AI generative design tool for low-cost district heating networks
A project to build building tools which can help automate the design of district heat energy networks, using artificial intelligence and geographic data.
City Science Corporation
£598,394 (across two phases)
Summary: impacts and findings
This project built a tool suite which uses artificial intelligence and geographic data to automate the design of district heat networks (DHNs), so that projects can be specified to the right scale for optimum efficiency and viability. It demonstrated that this approach can deliver faster, cheaper and more accurate plans and so accelerate rollout of DHNs.
Project aims and approach
Installing district heating for domestic and commercial property will play a key role in achieving decarbonisation targets. But heat network design is currently costly and time-consuming, and often lacks sufficiently detailed data to ensure system efficiency. In many cases this leads to over-sizing of planned equipment, which increases capital costs and makes projects unviable.

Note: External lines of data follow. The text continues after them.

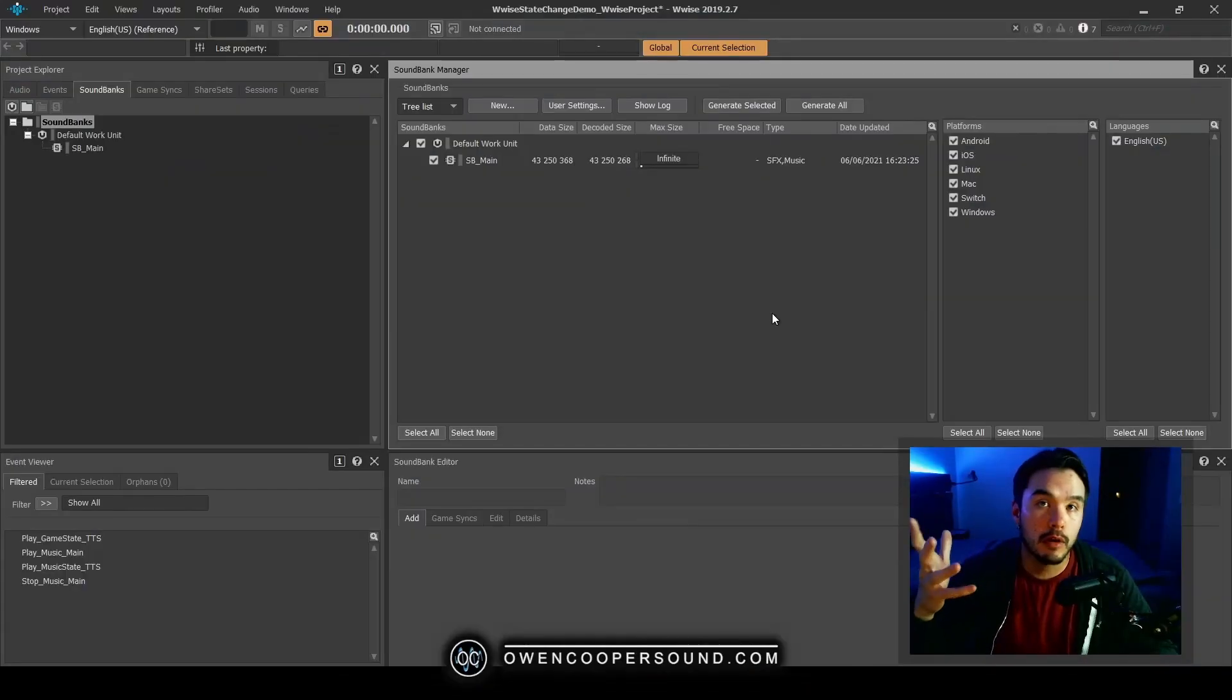Hey there, good to see you all again. Today I wanted to cover a topic about Unity and Wwise integration that if you haven't run into already, you probably will at some point, especially if you're working with some sort of checkout-based source control system such as Perforce or Plastic.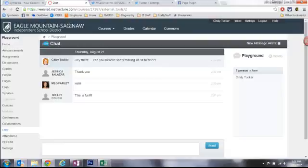Now if you don't want to have the chat feature or any other feature in Canvas turned on in a specific course you can easily make that change.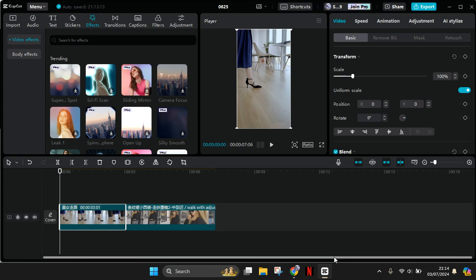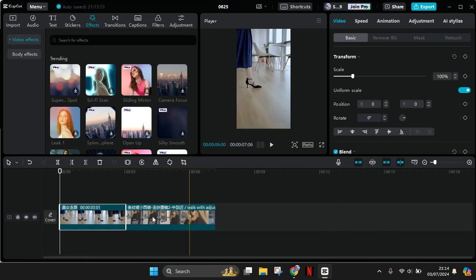Hi guys, welcome back to my channel. In today's tutorial, I'm going to show you how you can apply the same effects for multiple clips in CapCut PC. So in here I have two clips.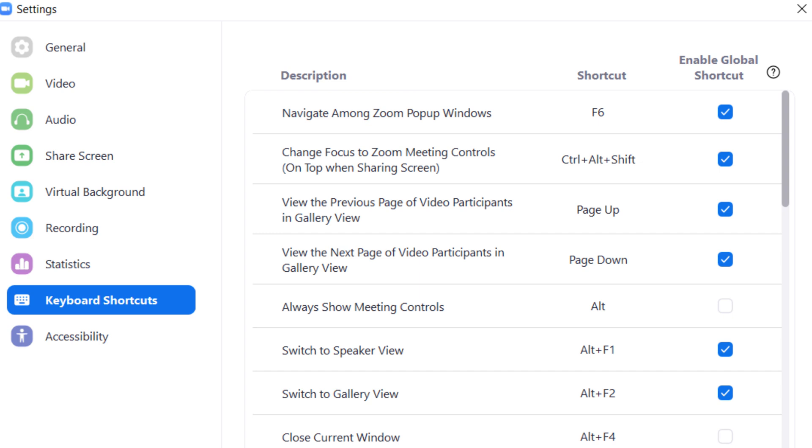Before we jump in, I want to touch on two things to keep you from getting frustrated when you try to use these hacks. First, check your computer's operating system and make sure it's new enough and compatible with Zoom software. Second, go into the settings tab within your meeting and make sure you enable keyboard shortcuts in order to take advantage of them.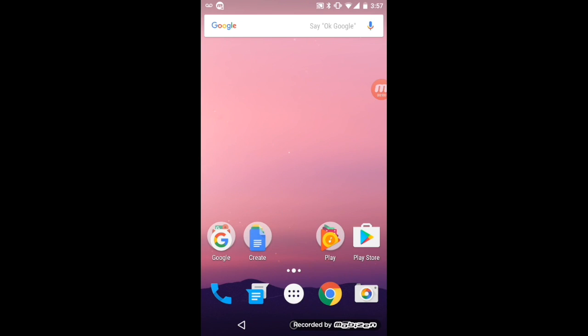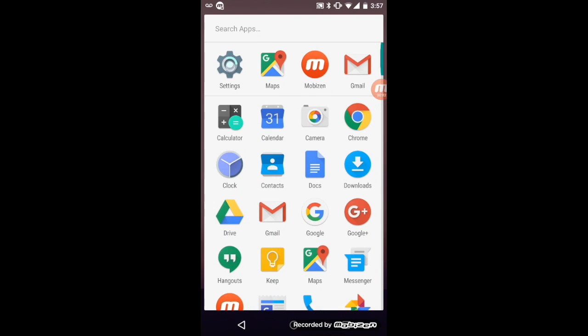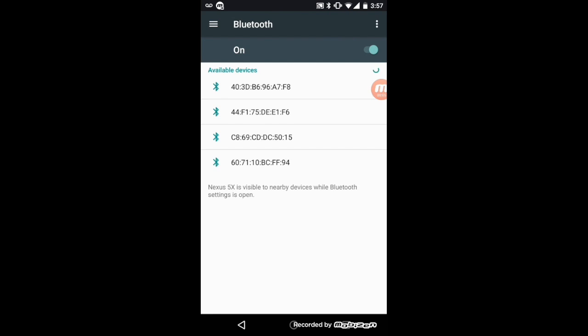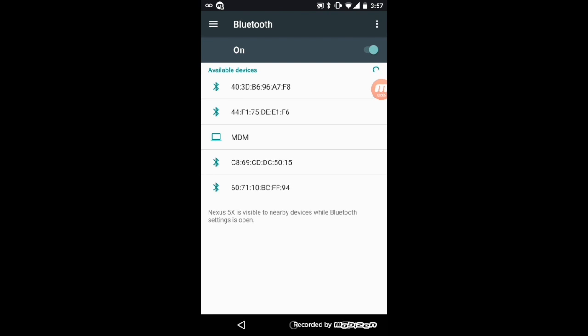To pair your Tecla Shield, go to the settings menu of your device and under Bluetooth, turn Bluetooth on. The device is now searching for Tecla.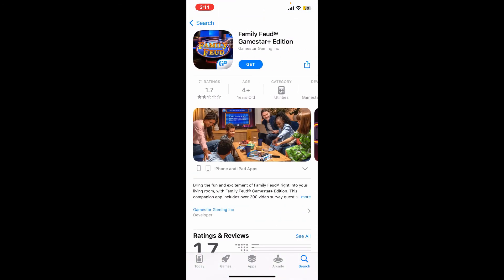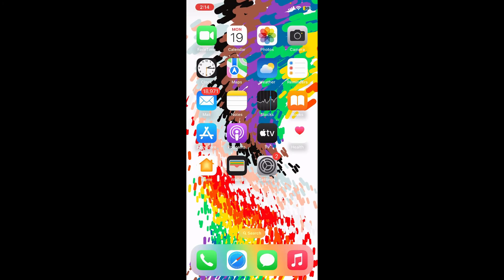To download the application, select this application right here from Game Star Plus and tap the get button to begin the downloading process. Once the application completes downloading, you'll be able to open it up right on your mobile device. That is how you can easily get or download Family Feud game on your mobile device.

This project by City Science aimed to build generative design tools that will automate the optimal design of heat networks and so help accelerate the rollout of district heat.
Using an automated, computer-driven process, it sought to radically reduce the up-front costs of modelling and system sizing. The tool suite uses artificial intelligence techniques combined with detailed geographic data to optimise system design, increasing the affordability of heat networks and maximising their viability.
Phase 1 of the project was a feasibility study to establish need and outline specifications. The team worked with a selection of key local authorities, consultancies and other organisations including the Energy Systems Catapult. This confirmed the potential for a new application to improve the DHN design process and help enable more effective decarbonisation of domestic and commercial heating systems.
In Phase 2 the team confirmed detailed user requirements, refined the functional specification, clarified data needs and sources and built and tested the application. Four modular tools were delivered:
- Heat demand model/API
- Energy centre optimisation
- Automated network routing
- District heating network optimisation
You can watch a detailed ‘show and tell’ presentation and demonstration of the project, recorded in June 2022.
The show and tell from Phase 1 of the project, recorded in July 2021, is also available here.
City Science Corporation
April 2021 to May 2022
Achievements and barriers
The team has developed an application for designing district heat networks which delivers seamless data integration between design stages, provides automated data pipelines, allows data to be examined and analysed at each design stage, and enables multiple iterations to find the optimum solution.
The new toolset is expected to speed up DHN feasibility studies by up to 50% and significantly reduce costs, increasing the success rate of projects and supporting more rapid progress towards net zero targets.
City Science is now promoting the toolset and its modular component parts to key markets, for example consultancies working with local authorities. City Science’s will continue to update and improve the tool suite as part of its ongoing R&D programme.